▶ WHAT YOU NEED TO DO
For this exercise, retype each line of the material below verbatim and omit any picture.

▶ SUPPLIED DATA
....

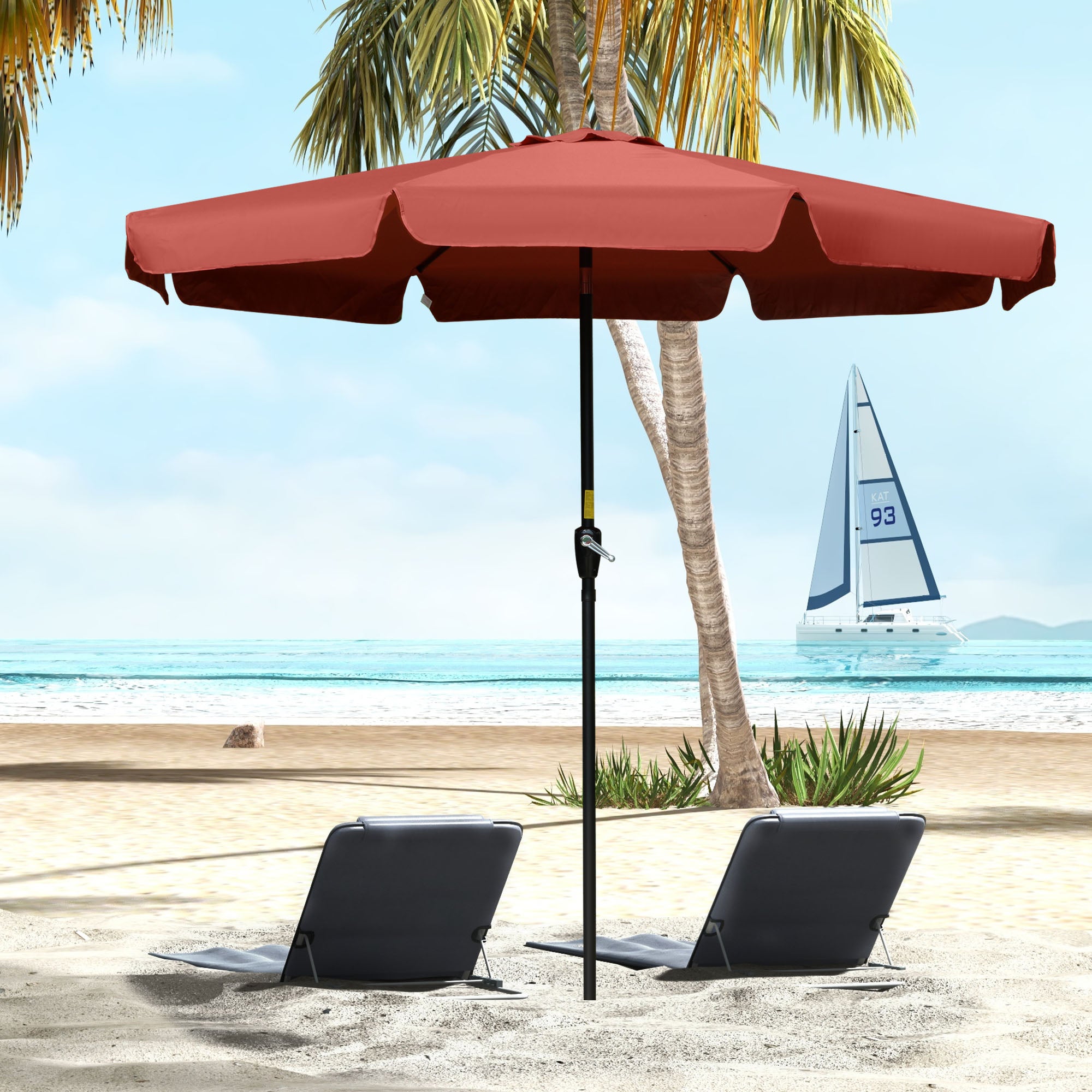 Outsunny 2.7m Patio Parasol Garden Umbrellas Outdoor Sun Shade Table Umbrella with Tilt, Crank, 8 Ribs, Ruffles, Wine Red - North Peak Garden Furniture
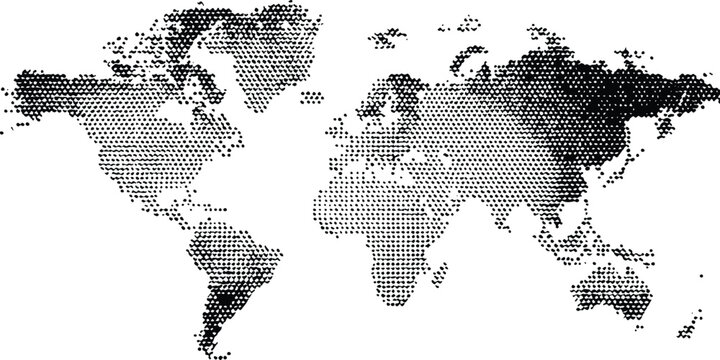 Halftone world map with dot pattern, dotted globe continents graphic. Dotted world map. Black vector illustration. 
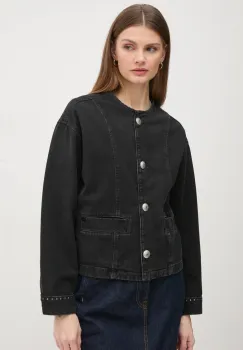 Pepe Jeans geaca jeans DAENA STUD femei, culoarea negru, de tranzitie, oversize, PL402524 imagine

....

▶ ANSWER SPACE
 Outsunny 2.7m Patio Parasol Garden Umbrellas Outdoor Sun Shade Table Umbrella with Tilt, Crank, 8 Ribs, Ruffles, Wine Red - North Peak Garden Furniture
 Halftone world map with dot pattern, dotted globe continents graphic. Dotted world map. Black vector illustration. 
 Pepe Jeans geaca jeans DAENA STUD femei, culoarea negru, de tranzitie, oversize, PL402524 imagine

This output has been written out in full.